As for, as. Hybrid view shows promise but at higher costResearchers found that combining different ways, such as using each other’s approach to identify a potential agent and then applying a step -by -step method to find the error, can improve overall performance. However, it comes with a significant increase in computational costs.
-The struggle of the most models: Surprisingly, models of the latest reasoning such as Openi O1 and Dupic R1 also challenge the task.- It highlights the hereditary difficulty of automatic failure attribution, which demands far more reasoning than it is needed for more traditional tasks.
As for, as. The importance of obvious reasoningProviding clear indications in which LLM needs to explain its reasoning in once and step -by -step methods, shown to improve performance.

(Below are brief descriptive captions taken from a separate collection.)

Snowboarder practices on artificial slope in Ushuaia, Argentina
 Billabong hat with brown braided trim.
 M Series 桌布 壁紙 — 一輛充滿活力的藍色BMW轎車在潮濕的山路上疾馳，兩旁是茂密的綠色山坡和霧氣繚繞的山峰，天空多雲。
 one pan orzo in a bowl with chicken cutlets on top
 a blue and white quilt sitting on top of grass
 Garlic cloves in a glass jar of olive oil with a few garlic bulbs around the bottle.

As for, as. The length of context is a limited factor: The study also revealed that as the length of failure logs increases, the performance of all the attribution methods decreases, which has a more clear effect on the accuracy of the error phase.
As for, as. Future Outlook: To pave the way for a more reliable multi -agent system
“Automatic failure attribution” is an important component in the development life of the multi -agent system. It has the ability to change the challenge of identifying “what is wrong and who is accused” with a surprising and analyzing issue. With the construction of a bridge between diagnosis and improvement, we can eventually create a multi -agent system that is more reliable, intelligent and reliable.